Here's the situation.
A vendor sent us three separate files which need to be merged. 70,000+ records each. They're CSV files, so column position doesn't much matter. The column name (in row 1) is what matters.
I looked at three solutions. Two of which are merely OK. The third was some functional programming that was very cool.
Option 1 -- OS Sort/Merge
To get the files into a consistent order, we need to sort. The Linux sort, however, is biased toward columns that are known positionally.
So, we need to exploit the Decorate-Sort-Undecorate design pattern. So we have a shell script something like the following.
decorate.py a.csv | sort >a_sorted.csv
decorate.py b.csv | sort >b_sorted.csv
decorate.py c.csv | sort >c_sorted.csv
sort -m a_sorted.csv b_sorted.csv c_sorted.csv | undecorate.py >result.csv
This works well because decorate.py and undecorate.py are such simple programs. Here's decorate.py.
from __future__ import print_function
import csv
import sys
with open(sys.argv[1],"rb") as source:
rdr= csv.DictReader( source )
for row in rdr:
print( row['the key'], row )
Undecorate is similar. It uses the str.partition() method to remove the decoration.
Note that the initial "decorate" steps can be run concurrently, leading to some time reduction. This scales well. It doesn't use much memory; the OS concurrency management means that it uses every core available.
I didn't benchmark this, BTW.
Option 2 -- Big In-Memory Dict
Since the files aren't insanely big, they do fit in memory. This is pretty simple, also.
import csv
from collections import defaultdict
# build the result set
result = defaultdict( dict )
for f in ( 'a.csv', 'b.csv', 'c.csv' ):
with open( f, 'rb' ) as source:
rdr = csv.DictReader( source )
for row in rdr:
result[row['key']].update( row )
# find the column titles
keys = set()
for row in result:
keys |= set( result[row].keys() )
# write the result set
with open( 'output.csv', 'wb' ) as target:
wtr= csv.DictWriter( target, sorted(keys) )
wtr.writerow( dict(zip(keys,keys)) )
for row in result:
wtr.writerow( result[row] )
This isn't too bad. For insanely big files, however, it won't scale well.
Elapsed time for the real files (which were zipped, adding processing that's not relevant to this posting) was 218 seconds on my little laptop.
Option 3 -- Functional Programming
The functional programming approach is a bit more code than option 1. But it's way cool and very extensible.
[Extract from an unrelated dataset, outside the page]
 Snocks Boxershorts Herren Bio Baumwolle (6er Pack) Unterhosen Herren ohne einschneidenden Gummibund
It offers more flexibility without the memory limitation of the big dictionary.
Let's start with the end in mind.
We're doing a 3-file merge. The algorithm for 2-file merge is really simple. The algorithm for an n-file merge, however, is not so simple. We can easily build up an n-file merge as a composition of n-1 pair-wise merges.
Here's how it should look.
with open('temp.csv','wb') as output:
wtr= csv.DictWriter( output, sorted(fieldNames) )
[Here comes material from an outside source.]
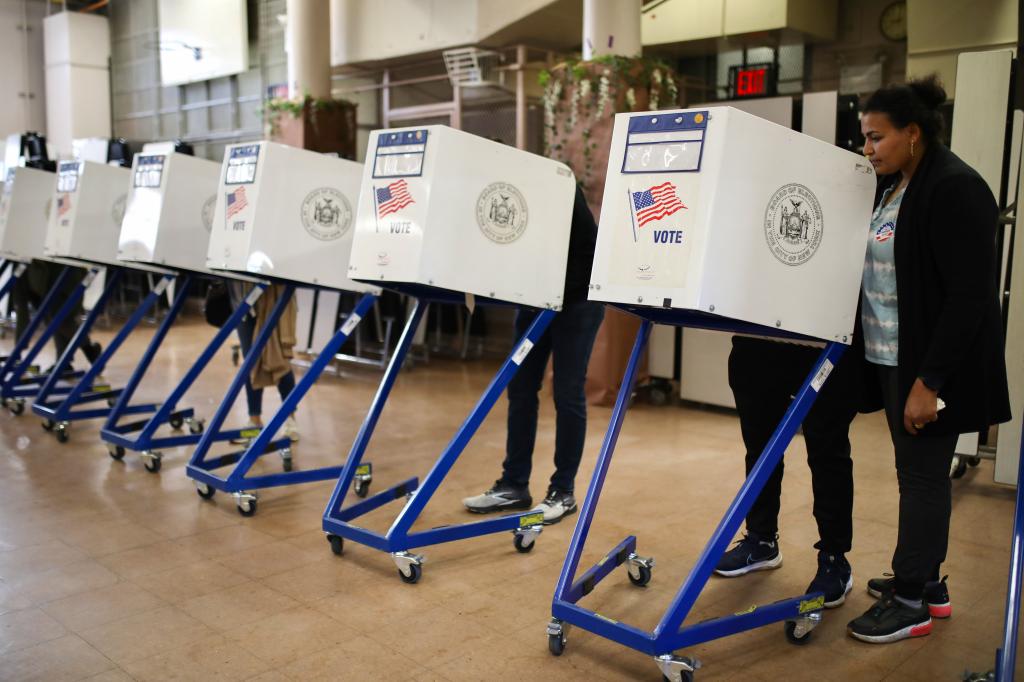 American citizens vote at a polling station in the Ridgewood neighborhood of Queens, New York.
wtr.writerow( dict( zip( fieldNames, fieldNames )))
for row in merge( merge( s1, s2 ), s3 ):
wtr.writerow( row )
We're doing
merge( merge( s1, s2 ), s3 ) to compose a 3-file merge from 2 2-file merges. And yes, it
can be just that simple.
Composable Sort
To be "composable", we must write iterator functions which read and write data of the same type. In our case, since we're using a DictReader, our various functions must work with an iterable over dicts which yields dicts.
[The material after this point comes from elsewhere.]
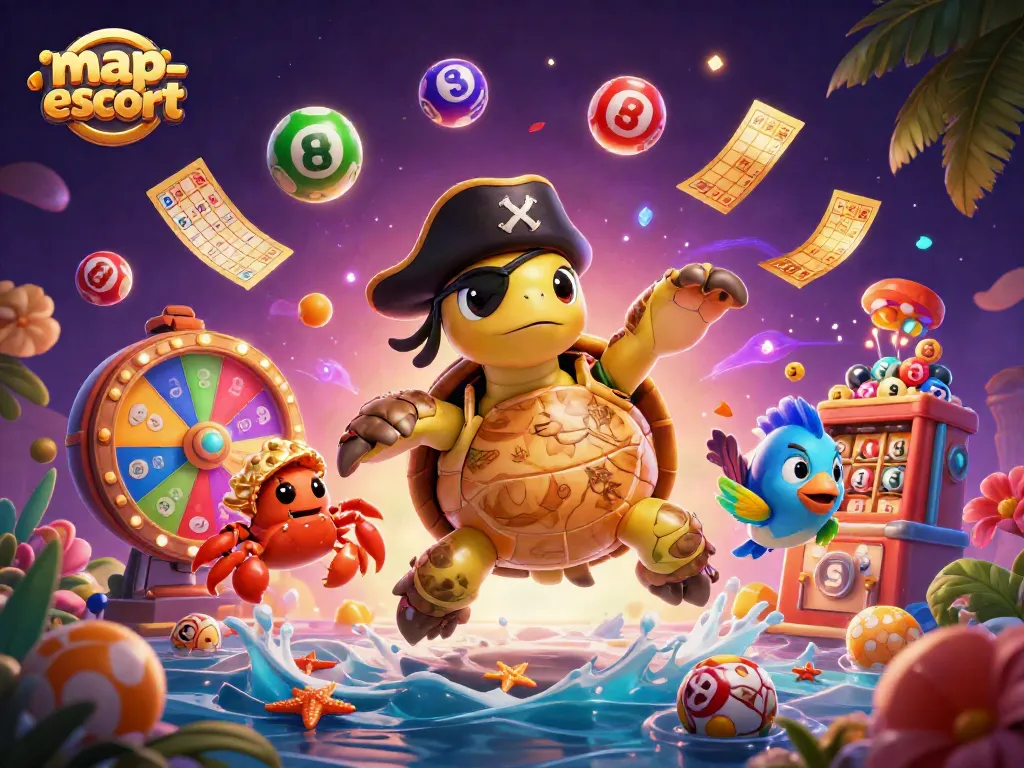 Engage with map-escort themed lottery elements featuring vibrant characters and dynamic casino imagery.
In order to merge, the input must be sorted. Here's our composable sort.
def key_sort( source, key='key' ):
def get_key( x ):
return int(x[key])
for row in sorted(source, key=get_key ):
yield row
Yes, we need to pre-process the keys, they're not simple text; they're numbers.
Composable 2-File Merge
The composable merge has a similar outline. It's a loop over the inputs and it yields outputs of the same type.
def merge( f1, f2, key='key' ):
"""Merge two sequences of row dictionaries on a key column."""
r1, r2 = None, None
try:
r1= f1.next()
r2= f2.next()
while True:
if r1[key] == r2[key]:
r1.update(r2)
yield r1
r1, r2 = None, None
r1= f1.next()
r2= f2.next()
elif r1[key] < r2[key]:
yield r1
r1= None
r1= f1.next()
elif r1[key] > r2[key]:
yield r2
r2= None
r2= f2.next()
else:
raise Exception # Yes, this is impossible
except StopIteration:
pass
if r1 is not None:
yield r1
for r1 in f1:
yield r1
elif r2 is not None:
yield r2
for r2 in f2:
yield r2
else:
pass # Exhausted with an exact match.
This runs in 214 seconds. Not a big improvement in time. However, the improvement in flexibility is outstanding. And the elegant simplicity is delightful. Having the multi-way state managed entirely through the Generator Function/Iterator abstraction is amazing.
Also, this demonstrates that the bulk of the time is spent reading the zipped CSV files and writing the final CSV output file. The actual merge algorithm doesn't dominate the complexity.